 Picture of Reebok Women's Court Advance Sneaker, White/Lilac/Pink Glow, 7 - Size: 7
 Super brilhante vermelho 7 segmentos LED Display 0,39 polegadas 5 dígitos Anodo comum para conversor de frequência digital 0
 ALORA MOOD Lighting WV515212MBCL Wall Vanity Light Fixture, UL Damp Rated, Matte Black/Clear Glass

•••

(Work instruction) Begin with the top line of the material and go as far as the line with "Super brilhante vermelho". Set down those lines exactly, both ends included, and nothing more.

(Solution for this task)
 Picture of Reebok Women's Court Advance Sneaker, White/Lilac/Pink Glow, 7 - Size: 7
 Super brilhante vermelho 7 segmentos LED Display 0,39 polegadas 5 dígitos Anodo comum para conversor de frequência digital 0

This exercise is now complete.